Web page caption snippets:
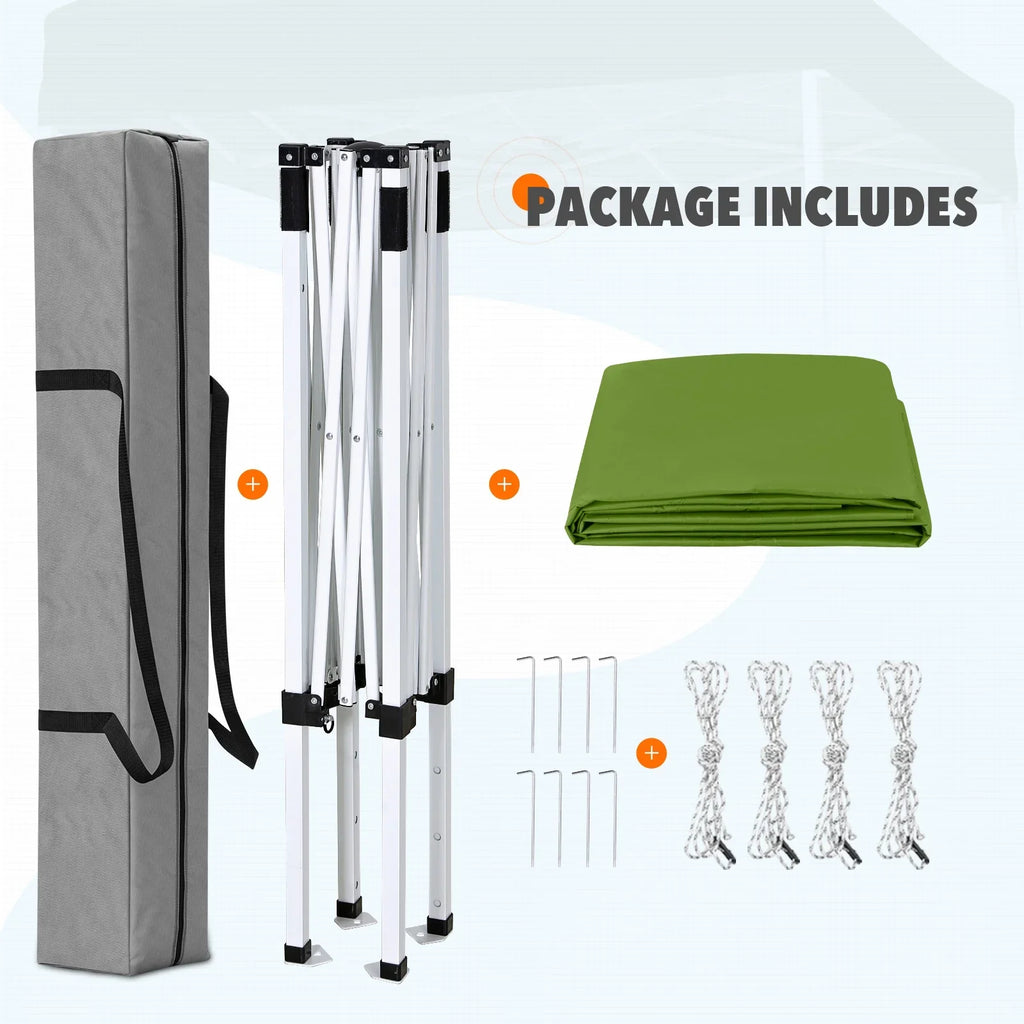EAGLE PEAK 5x5 Pop up Canopy Tent Instant Outdoor Canopy Easy Set - up Straight Leg Folding Shelter（blue） - image 114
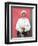 Elderly Tibetan Woman with Red Wall, Tagong, Sichuan, China-Keren Su-Framed Photographic Print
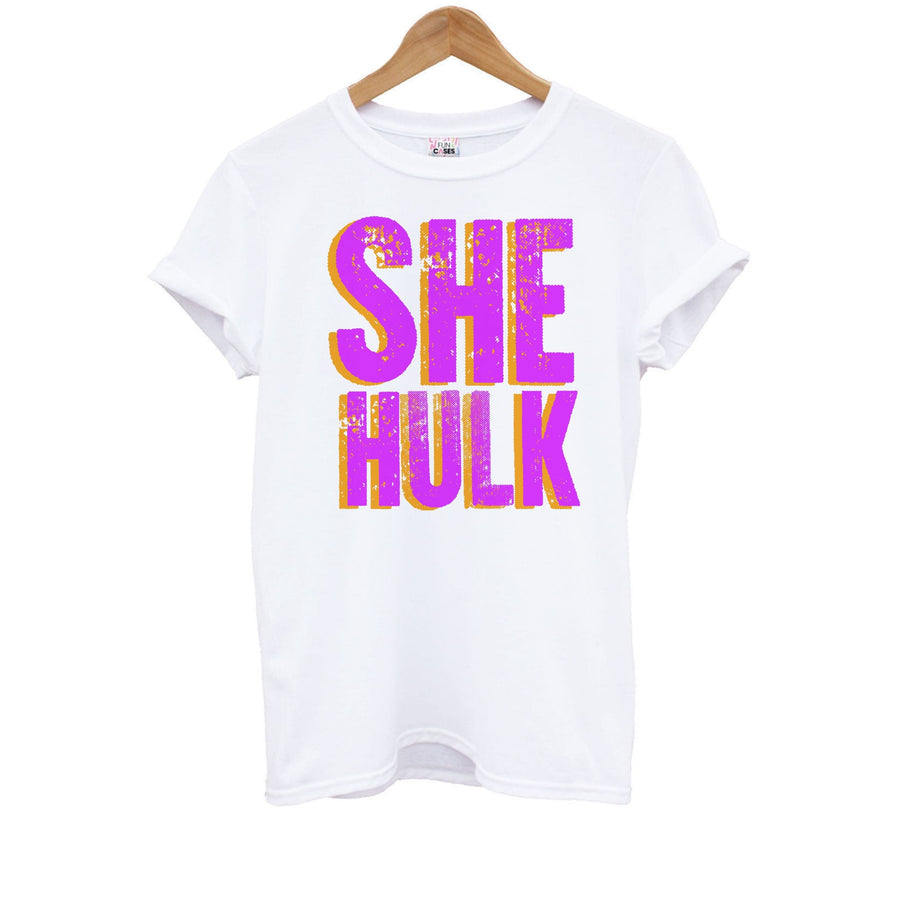 Pink - She Hulk Kids T-Shirt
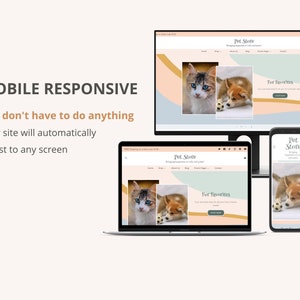 Pets Shopify Theme | Pet Store Shopify Template | Website Design ...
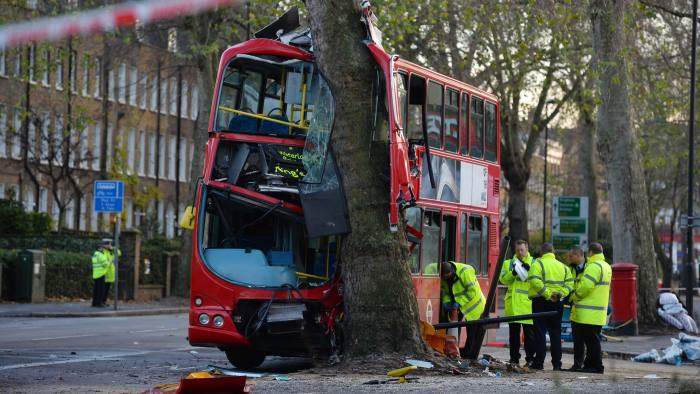 лондон авария автобус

### What to produce
The task calls for all records to be set down precisely, excluding any images.

### Answer space
EAGLE PEAK 5x5 Pop up Canopy Tent Instant Outdoor Canopy Easy Set - up Straight Leg Folding Shelter（blue） - image 114
 Elderly Tibetan Woman with Red Wall, Tagong, Sichuan, China-Keren Su-Framed Photographic Print
 Pink - She Hulk Kids T-Shirt
 Pets Shopify Theme | Pet Store Shopify Template | Website Design ...
 лондон авария автобус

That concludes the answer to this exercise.